Evet, Osman Seden kuşkusuz bir melodram ustasıdır. Melodram... Yani iyilerle kötülerin kalın çizgilerle ayrıldığı, kahramanların ömür boyu yoğun biçimde yaşanan tek bir duyguyu (bir büyük aşkı, tutkuyu veya kini) sürdürdüğü, tek bir olayın tüm ayrıntıları silerek tüm bir yaşama egemen olduğu, alevli, coşkun, fırtınalı ilişkilerin yaşandığı öyküler... Seden'in melodramları kimi zaman inandırıcı, patetik (heyecan verici) olabilmişlerdir: "Meryem ve Oğulları" örneğindeki gibi ve biz izleyebildiğimiz ölçüde bunu belirtmişizdir.

 "Nefret"de işte bu Seden formülünün tuttuğu filmlerden... Hikaye, tüm şematize yanlarına karşın düzeyli bir melodrama dönüşebiliyor; yani yeterince coşku ve heyecan 'ıstırap ve gözyaşı' içeriyor.
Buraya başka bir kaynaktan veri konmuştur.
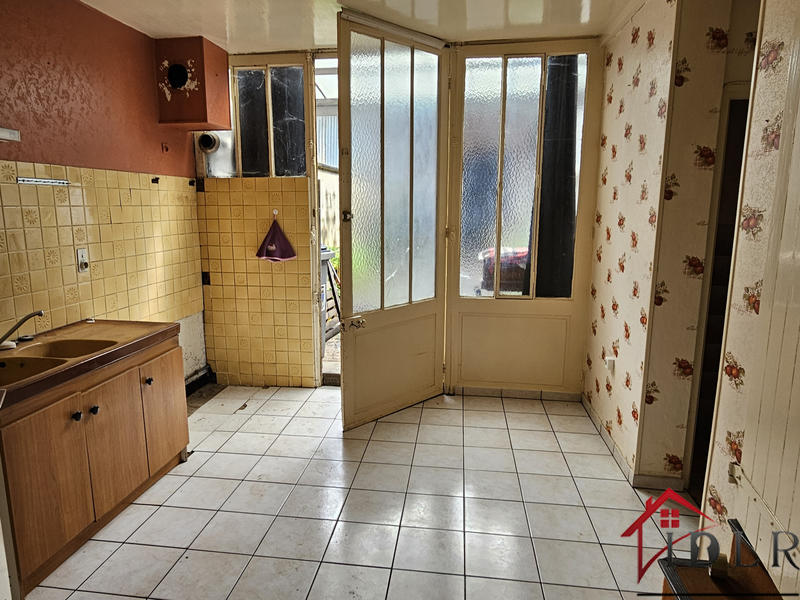 Maison - 90 m² - 5 pièces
Seden kendi yazdığı öyküyü benimsemiş besbelli... Tam bir Seden biçimciliğiyle, çarpık açılarla, Hülya Avşar'ın dapdaracık giysilerle yaptığı dansları kamera oyunlarıyla saptayarak, usta işi bir dekupajla, yakın-orta-uzak planları en işlevsel biçimde kurgulayarak... Bunca yıl sonra hala 'Ben buradayım, ben ayaktayım' diyor Seden ve sinemada değme genç yönetmenlere taş çıkarırcasına özenli, uğraşıImış, biçimci bir anlatımla ortaya çıkıyor. Şimdilik önemsiz filmlerde harcanmasına karşın Hülya Avşar, kuşkusuz hem güzel, hem de yetenekli bir oyuncu. Ama filmin asıl galibi, bir kez daha Fatma Giirik... 
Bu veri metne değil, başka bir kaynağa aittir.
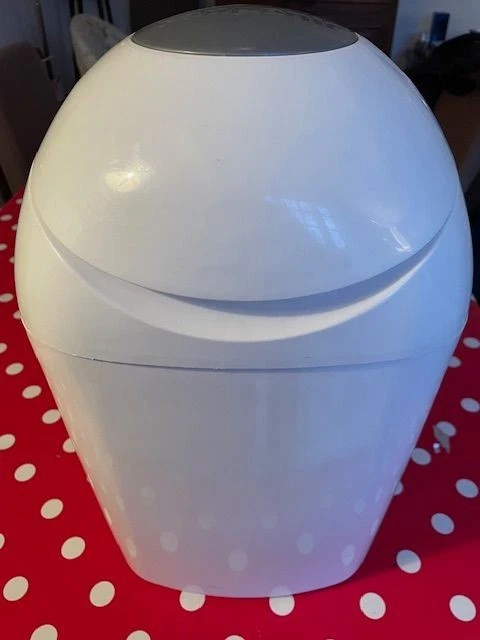 Poubelle à couches Tommee Tippee Sangenic + recharges - Photo 2/4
Görkemli, soylu, olgunluğun doruğundaki güzelliğiyle, sevgilisini kızıyla paylaşmak zorunda kalan kadının duygularını, ıstırabını, filmin kuşkusuz esinlendiği "Ömre Bedel Kadın"daki Joan Crawword'u aratmadan canlandırabiliyor. Seden'in biraz bu ve benzeri eski Amerikan melodramla-rından, biraz para, sermaye, banka, alavere dalavere üstüne kurulu Amerikan TV dizilerinden esinlenerek yaptığı, bize kuşkusuz bir hayli yabancı, ama melodramın evrensel özelliklerini usta-ca kullanan filmi, bu nedenlerle belli bir ilgi uyandırabiliyor.

Ancak 'Nefret'e bu açılardan hoşgörüyle yaklaşırken, filmin içerdiği çok olumsuz bir noktayı da göz ardı etmemek gerekiyor. O da Osman Seden'in gençliğe bakışıdır. 'Modern' gençliği yalnızca dans, müzik, disk o ve de esrarla 'iştigal eden', parazit ve amaçsız bir kitle olarak gösteren Seden filmleri, Batıdan gelen ve dünya gençliğinin ortak biçimde benimsediği tüm olgulara karşı çıkarak, giderek dans, pop-müzik, kız-erkek birlikteliği gibi bu tür olguları, 'gençlik yozlaşmasının bir parçası gibi sunarak, gençlik sorunlarına alabildiğine tutucu, giderek gerici bir bakışla yaklaşmaktadırlar. 'Nefret'in ve bazı Seden filmlerinin dikkatle izlenmesi ve eleştirilmesi gereken yanı budur. Yaşlı Seden, ne yazık ki gençliğe hiç de anlayışla, hoşgörüyle, kendini 'genç' yerine koymaya dayalı bir bakışla bakamıyor. “Atilla Dorsay, “12 Eylül Yılları ve Sinemamız” syf, 79”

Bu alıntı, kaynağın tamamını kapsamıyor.